Like the challenge of finding advice and support from people who know how to navigate homeschooling and 2E kids (2E is the abbreviation for twice exceptional: gifted and learning disabled). I found these folks through a variety of Facebook groups, and they’ve helped me with everything from the practical (what classes are available?) to the existential (how will I survive this?) This weekend we met one of the homeschoolers I’ve bonded with on Facebook, and our kids took to each other like old friends.

Or the challenge of earning a living while working from home. I’m incredibly fortunate to have lots of experience working from home, and working independently, so I knew it could be done — but most of that was in my pre-kid life, so I wasn’t sure it would still work. Actually, it’s easier than ever, because my Twitter, Facebook and LinkedIn networks (not to mention the colleagues I’ve heard from through email) have been busily bringing work opportunities my way.

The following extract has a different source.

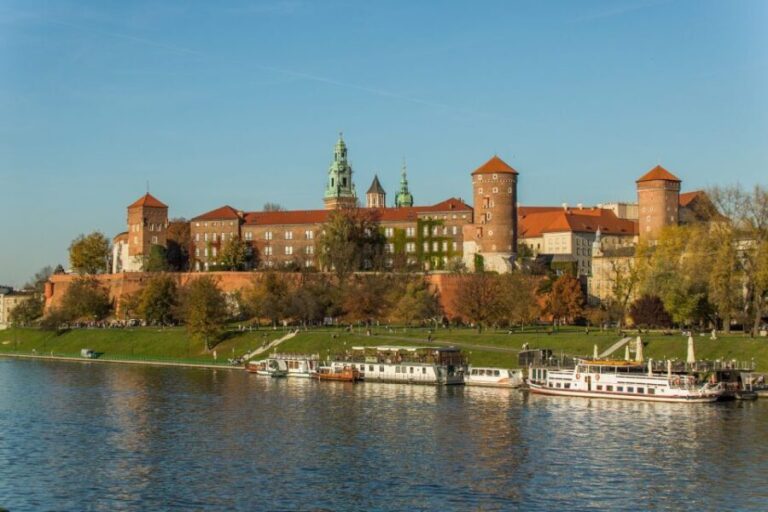 Krakow: Guided Wawel Tour, Lunch, and Vistula River Cruise - Lunch: Tasting Krakows Flavors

And of course, there’s the challenge of isolation: something I’ve managed during previous phases of working from home by making lots and lots of lunch and coffee dates. That’s not so easy to do with a kid in tow, unless you want to construct your entire social life around the tiny circle of homeschoolers with kids, locations and schedules that intersect with your own. So I’m grateful that in between my weekly nights out with face-to-face friends (something that Rob helps me prioritize) I can now use Facebook to stay connected to other adults and friends whose interests and personalities overlap with my own.

By helping me address the biggest challenges I face as an at-home mom, the Internet has opened me to the satisfactions that this new, unexpected life can offer. I’m discovering unexpected reservoirs of patience, as I keep my cool through meltdowns that could curl your toes. I’m discovering a new use for my combined years of education, geekery and psychotherapy, which seem uniquely well-suited to the challenges of raising a brilliant, anxious would-be Apple engineer. I am discovering what it’s like to feel good about my parenting, instead of constantly feeling like I’m short-changing my kids. I am even rediscovering how great it feels to leave the house wearing sweatpants, and to spend my energy on myself and my kids instead of on my appearance. (At least some of the time: those Fluevogs aren’t going to wear themselves.)

These are the most important discoveries the Internet facilitates. Not the instant answer to where a movie is playing, or who won the 1982 Super Bowl, but the hard-won answers to our questions about what we are really capable of, and what really matters to us. Answers we may only find, and discoveries we may only make, when we have access to the people and information that make the quest possible.

That’s what the Internet has done for me this year, as I’ve taken this unexpected road and found myself at a still more unexpected destination. It’s made it possible for me to discover what it feels like to build my life around love: the pure love I feel when I see my son skipping happily out of a class he’s made it all the way through, and experience a soaring happiness unlike anything I’ve experienced.

“Who is this person,” I wonder, “This person who feels like getting her son through class is the greatest accomplishment of all time?”

I’m just getting to know who she is. And I’m so grateful to the Internet for introducing us.